Mathieu Bergeron, de la billetterie Tuxedo, se montre optimiste vis-à-vis de la demande, que le public soit confronté à l’inflation ou à une potentielle récession. « En culture, le prix n’est pas un enjeu. C’est un produit de luxe et une couple de piasses ne fait pas une grande différence. » Il fait en outre confiance aux diffuseurs pour garder les tarifs raisonnables dans le marché québécois. « Leur job, ce n’est pas d’aller chercher plus d’argent, mais d’amener les spectateurs à voir plus de shows. Je crois qu’on est assez protégé contre la hausse des prix dans notre environnement culturel. » Ce souci démocratique sera d’autant plus vrai pour les disciplines de niche, dont le public est déjà fragile, souligne David Laferrière, de RIDEAU. « On ne vend pas des souliers. Tous les diffuseurs tendent vers l’accessibilité. »

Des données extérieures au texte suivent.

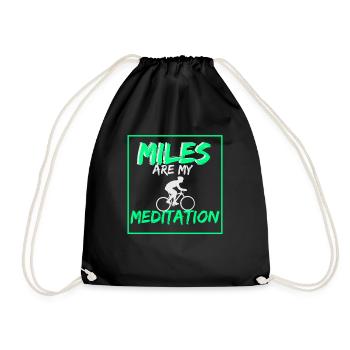 Bicycle cycling bike road bike cycling gift - Drawstring Bag - black - Front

Des subventions à revoir ?

« Si l’inflation augmente, il faut mieux rémunérer les artistes et le personnel », explique François Colbert, professeur de marketing et titulaire de la Chaire de gestion des arts Carmelle et Rémi Marcoux de HEC Montréal. « Si on ne peut pas gagner en productivité comme le font les entreprises manufacturières, il faut augmenter les prix des billets ou que l’État subventionne davantage. » La plupart des aides gouvernementales instaurées durant la pandémie sont toujours en vigueur, ce qui permet d’éviter une flambée aux guichets. « Il y a beaucoup d’aides spéciales COVID, mais ça va finir par s’éteindre, craint David Laferrière. On milite très fort à RIDEAU pour que les aides au fonctionnement soient augmentées et prolongées. Avec l’inflation, ça va prendre un plan de trois à cinq ans. » « Ça prendrait de la part de tous les conseils des arts des réinvestissements massifs en proportion de l’inflation pour permettre une évolution salariale de tout un chacun », soutient pour sa part Hubert Lemire, de l’Association des compagnies de théâtre. Il note par exemple que les frais de séjour — repas et hébergement — alloués par le Conseil des arts et des lettres du Québec sont plafonnés à 125 $ par jour, un montant irréaliste par rapport à l’offre des restaurants et des hôtels.